Discover why balanced 9-cat fantasy basketball teams lose. Learn how punting weak stats like FT% or turnovers helps you build dominant rosters around stars like Giannis, Şengün, and Sabonis.

Rohan Malhotra
Last updated: 17.10.2025
Fantasy Basketball Draft Strategy

This article explains why, in head-to-head 9-category fantasy basketball leagues, trying to be merely average across all nine categories is a formula for failure. Instead, you should specialize— “punt” in one or more categories deliberately—and exploit that weakness to load up on counting stats. We will lay out how the concept works special with a sport like basketball, real examples (like Alperen Şengün, Giannis Antetokounmpo, Domantas Sabonis), drafting mechanics, category rankings, pairing logic, and how to build a dominating roster rather than one stuck in mediocrity.


Why “Average in All Nine” Loses in Competitive 9-Cat Leagues

Expecting to be middle of the pack in all nine categories is a losing strategy because in any given matchup your opponent will beat you in some categories, and you will struggle to force wins across enough of them. In a 9-category league, categories like FG%, FT%, and TO can be volatile, and matching evenly across all categories leaves little room for dominance. The reality: most must-win builds lean into strengths and abandon (or accept) deficits in weaker stats.


Balanced drafters often overpay for “safe” players, leaving little room to reach superstars. If you try to capably cover all nine, you will not hit elite thresholds in any one category—and elite thresholds usually decide matchups. Thus, balanced builds lose their upside ceiling.
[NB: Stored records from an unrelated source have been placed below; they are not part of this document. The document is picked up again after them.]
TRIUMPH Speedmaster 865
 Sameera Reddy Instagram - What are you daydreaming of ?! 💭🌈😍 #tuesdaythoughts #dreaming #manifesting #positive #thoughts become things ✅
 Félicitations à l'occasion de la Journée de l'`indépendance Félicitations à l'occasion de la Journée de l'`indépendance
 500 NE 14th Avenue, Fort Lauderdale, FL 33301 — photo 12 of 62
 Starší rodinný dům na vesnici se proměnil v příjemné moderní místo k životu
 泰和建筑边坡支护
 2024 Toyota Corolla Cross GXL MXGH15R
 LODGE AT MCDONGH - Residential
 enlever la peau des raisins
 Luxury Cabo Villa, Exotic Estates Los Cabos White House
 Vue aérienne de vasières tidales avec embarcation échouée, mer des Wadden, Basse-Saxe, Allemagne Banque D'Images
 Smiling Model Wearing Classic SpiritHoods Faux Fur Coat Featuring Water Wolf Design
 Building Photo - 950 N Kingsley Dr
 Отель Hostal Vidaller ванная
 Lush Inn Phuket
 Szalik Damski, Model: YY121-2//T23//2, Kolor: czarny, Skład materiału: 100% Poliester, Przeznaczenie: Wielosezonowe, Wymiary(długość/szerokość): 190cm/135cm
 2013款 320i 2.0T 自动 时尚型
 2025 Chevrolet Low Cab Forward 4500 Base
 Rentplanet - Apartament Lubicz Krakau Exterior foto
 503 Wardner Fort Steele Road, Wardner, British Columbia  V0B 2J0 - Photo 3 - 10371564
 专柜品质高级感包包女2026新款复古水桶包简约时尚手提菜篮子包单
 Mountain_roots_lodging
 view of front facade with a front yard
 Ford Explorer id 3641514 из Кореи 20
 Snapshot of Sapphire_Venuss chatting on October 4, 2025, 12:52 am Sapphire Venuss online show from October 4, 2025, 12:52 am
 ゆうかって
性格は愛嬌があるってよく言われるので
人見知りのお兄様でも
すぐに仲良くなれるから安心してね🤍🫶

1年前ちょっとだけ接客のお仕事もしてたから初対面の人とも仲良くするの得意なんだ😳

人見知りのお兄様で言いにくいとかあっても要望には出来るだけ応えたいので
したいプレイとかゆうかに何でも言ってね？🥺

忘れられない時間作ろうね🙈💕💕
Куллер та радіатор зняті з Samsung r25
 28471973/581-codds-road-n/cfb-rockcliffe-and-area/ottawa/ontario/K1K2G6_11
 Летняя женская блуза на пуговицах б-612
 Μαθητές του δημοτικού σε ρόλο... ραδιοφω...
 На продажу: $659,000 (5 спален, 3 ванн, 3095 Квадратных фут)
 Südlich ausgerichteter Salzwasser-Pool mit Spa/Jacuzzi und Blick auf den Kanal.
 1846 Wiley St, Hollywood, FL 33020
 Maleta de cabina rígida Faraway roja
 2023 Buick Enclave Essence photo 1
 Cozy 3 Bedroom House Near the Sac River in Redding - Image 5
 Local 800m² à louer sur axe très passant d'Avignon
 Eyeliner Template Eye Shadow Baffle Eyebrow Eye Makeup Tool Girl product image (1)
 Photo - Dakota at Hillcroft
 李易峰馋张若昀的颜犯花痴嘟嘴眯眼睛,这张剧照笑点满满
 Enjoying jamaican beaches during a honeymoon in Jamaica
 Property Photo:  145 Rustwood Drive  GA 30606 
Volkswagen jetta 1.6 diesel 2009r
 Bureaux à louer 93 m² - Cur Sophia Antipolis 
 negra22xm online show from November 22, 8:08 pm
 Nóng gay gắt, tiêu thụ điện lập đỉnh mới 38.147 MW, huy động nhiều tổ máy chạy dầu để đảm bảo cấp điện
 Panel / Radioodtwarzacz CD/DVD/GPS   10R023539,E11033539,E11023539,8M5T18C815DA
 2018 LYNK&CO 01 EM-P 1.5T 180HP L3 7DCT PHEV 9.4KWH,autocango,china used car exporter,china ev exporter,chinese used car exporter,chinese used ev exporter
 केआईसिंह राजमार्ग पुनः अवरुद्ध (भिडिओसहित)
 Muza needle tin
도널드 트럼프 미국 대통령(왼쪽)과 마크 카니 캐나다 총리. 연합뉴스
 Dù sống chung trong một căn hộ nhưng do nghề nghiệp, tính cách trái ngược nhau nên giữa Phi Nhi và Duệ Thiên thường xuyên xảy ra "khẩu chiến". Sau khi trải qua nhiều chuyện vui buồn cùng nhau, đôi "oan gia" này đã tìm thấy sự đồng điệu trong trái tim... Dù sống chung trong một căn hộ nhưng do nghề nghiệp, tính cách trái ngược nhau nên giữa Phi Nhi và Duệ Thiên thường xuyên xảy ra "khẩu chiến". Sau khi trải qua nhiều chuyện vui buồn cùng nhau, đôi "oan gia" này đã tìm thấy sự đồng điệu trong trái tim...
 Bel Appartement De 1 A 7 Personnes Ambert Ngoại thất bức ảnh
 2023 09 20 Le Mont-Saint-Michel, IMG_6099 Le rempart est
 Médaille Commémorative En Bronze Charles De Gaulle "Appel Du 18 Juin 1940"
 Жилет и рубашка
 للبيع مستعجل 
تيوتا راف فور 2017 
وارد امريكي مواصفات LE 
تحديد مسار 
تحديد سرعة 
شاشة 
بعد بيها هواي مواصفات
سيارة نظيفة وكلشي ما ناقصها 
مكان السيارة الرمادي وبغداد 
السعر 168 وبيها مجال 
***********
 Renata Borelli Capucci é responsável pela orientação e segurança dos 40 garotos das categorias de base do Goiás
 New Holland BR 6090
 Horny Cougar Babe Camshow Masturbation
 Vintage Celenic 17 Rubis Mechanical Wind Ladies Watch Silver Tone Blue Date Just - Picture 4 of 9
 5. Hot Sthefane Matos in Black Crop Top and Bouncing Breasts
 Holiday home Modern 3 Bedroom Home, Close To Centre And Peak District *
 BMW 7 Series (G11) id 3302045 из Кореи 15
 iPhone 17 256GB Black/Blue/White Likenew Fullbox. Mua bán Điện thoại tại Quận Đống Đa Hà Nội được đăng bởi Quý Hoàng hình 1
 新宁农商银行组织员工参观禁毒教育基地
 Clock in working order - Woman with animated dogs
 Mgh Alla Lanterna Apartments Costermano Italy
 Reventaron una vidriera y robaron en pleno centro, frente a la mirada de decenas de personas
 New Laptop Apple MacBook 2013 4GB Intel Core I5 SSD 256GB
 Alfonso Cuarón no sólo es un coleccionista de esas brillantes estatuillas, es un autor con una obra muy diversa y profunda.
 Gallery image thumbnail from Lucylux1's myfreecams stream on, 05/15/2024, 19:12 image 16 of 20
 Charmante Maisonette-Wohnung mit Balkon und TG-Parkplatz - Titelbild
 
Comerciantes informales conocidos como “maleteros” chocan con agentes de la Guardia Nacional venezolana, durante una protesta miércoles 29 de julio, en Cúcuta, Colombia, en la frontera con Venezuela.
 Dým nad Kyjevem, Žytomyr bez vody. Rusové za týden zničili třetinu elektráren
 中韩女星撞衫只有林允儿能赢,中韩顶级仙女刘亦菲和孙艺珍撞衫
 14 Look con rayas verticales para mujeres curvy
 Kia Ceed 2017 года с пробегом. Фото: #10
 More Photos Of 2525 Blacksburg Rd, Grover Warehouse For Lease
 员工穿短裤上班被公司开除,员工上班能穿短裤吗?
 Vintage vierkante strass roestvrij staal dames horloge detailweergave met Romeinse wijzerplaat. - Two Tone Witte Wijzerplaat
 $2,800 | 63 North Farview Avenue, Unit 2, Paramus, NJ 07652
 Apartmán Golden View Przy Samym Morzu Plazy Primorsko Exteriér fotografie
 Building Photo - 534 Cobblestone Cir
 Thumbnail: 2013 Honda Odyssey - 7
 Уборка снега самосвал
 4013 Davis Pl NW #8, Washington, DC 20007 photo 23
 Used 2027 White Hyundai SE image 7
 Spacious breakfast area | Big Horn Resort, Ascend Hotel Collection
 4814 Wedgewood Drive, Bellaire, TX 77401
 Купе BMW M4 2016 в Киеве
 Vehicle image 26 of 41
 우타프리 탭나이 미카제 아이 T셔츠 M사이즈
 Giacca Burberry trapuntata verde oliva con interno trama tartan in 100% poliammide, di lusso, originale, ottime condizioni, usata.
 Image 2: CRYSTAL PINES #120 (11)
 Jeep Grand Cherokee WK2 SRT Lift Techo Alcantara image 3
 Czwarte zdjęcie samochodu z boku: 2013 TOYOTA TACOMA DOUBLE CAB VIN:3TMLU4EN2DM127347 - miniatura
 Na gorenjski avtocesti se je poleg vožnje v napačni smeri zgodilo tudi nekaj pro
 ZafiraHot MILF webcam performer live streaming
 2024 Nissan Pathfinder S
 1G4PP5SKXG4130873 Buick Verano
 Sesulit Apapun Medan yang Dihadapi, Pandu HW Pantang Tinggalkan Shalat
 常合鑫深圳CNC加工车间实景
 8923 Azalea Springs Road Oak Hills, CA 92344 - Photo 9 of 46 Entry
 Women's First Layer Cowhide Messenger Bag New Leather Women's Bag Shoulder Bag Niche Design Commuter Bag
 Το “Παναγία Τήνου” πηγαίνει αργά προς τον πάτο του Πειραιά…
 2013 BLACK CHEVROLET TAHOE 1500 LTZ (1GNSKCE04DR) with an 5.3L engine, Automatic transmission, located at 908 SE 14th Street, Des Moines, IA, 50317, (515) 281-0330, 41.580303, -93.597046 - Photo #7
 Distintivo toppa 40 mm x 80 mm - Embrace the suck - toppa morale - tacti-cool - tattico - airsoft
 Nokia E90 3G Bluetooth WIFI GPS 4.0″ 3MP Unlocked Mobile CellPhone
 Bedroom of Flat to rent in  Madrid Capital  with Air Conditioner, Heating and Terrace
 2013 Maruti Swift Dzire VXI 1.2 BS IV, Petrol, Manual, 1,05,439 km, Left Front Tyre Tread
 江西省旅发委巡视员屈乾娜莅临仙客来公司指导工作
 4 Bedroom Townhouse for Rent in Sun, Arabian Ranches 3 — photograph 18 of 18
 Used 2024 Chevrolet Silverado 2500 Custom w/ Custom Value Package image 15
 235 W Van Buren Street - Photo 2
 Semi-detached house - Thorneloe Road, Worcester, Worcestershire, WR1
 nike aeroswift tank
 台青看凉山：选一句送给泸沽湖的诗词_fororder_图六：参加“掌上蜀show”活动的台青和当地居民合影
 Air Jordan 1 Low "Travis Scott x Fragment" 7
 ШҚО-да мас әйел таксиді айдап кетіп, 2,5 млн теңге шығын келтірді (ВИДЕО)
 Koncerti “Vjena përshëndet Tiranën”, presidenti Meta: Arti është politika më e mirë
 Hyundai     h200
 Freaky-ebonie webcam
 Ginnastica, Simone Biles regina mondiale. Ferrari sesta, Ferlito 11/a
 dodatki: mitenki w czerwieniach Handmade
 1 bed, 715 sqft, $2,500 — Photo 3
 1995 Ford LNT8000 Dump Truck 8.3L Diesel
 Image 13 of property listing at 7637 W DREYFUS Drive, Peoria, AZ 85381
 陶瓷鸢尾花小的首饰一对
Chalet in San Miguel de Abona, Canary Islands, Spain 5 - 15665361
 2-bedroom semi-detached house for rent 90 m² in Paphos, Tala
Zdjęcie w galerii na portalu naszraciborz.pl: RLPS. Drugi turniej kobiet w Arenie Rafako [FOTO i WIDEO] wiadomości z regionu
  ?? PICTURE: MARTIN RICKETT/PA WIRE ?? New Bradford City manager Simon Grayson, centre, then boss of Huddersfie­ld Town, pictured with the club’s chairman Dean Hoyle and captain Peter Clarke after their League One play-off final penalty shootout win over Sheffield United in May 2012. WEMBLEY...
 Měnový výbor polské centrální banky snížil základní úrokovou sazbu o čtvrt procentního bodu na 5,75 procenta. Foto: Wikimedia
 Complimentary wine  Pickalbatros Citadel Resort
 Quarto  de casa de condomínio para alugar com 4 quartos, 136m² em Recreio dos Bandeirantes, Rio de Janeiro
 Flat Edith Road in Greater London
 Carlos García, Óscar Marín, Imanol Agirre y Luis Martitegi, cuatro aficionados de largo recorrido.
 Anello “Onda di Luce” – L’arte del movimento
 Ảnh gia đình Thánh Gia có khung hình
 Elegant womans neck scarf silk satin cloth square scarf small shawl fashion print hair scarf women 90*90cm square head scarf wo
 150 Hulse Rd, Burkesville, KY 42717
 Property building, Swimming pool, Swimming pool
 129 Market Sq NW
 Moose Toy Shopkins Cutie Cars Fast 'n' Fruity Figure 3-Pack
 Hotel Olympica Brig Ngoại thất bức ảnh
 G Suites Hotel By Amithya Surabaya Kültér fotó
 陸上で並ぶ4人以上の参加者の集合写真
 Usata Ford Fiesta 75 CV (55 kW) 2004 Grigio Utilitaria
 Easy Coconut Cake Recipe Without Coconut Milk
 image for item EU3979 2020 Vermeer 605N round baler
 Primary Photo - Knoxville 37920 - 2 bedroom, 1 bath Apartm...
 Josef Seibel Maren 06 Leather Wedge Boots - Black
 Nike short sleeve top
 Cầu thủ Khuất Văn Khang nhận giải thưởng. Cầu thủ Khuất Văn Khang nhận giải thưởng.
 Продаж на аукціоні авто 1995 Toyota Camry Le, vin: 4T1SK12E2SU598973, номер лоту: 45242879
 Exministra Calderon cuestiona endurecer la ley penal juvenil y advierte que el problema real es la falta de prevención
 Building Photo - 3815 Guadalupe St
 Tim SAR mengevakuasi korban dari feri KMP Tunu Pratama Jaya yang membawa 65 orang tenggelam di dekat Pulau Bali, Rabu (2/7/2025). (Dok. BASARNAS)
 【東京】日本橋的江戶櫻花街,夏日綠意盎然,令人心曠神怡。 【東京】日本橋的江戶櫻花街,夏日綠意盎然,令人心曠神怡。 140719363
By punting, you accept weakness in a category, so you can draft high-volume, high-impact contributors in the remaining eight (or fewer) categories. That lets you target players in earlier rounds who would be off-limits if you tried to maintain “average” everywhere. In effect, you shift the value curve: players weak in your punted category but strong elsewhere become excellent value picks.


The Philosophy of Punting

Punting is not conceding defeat—it is strategic allocation. You use a categorical hole you tolerate to access higher cumulative value elsewhere. You pick a category or categories you are okay with being weak in (like FT% or turnovers) and do not waste premium picks rescuing them. Instead, you focus on maximizing counting statistics in other areas.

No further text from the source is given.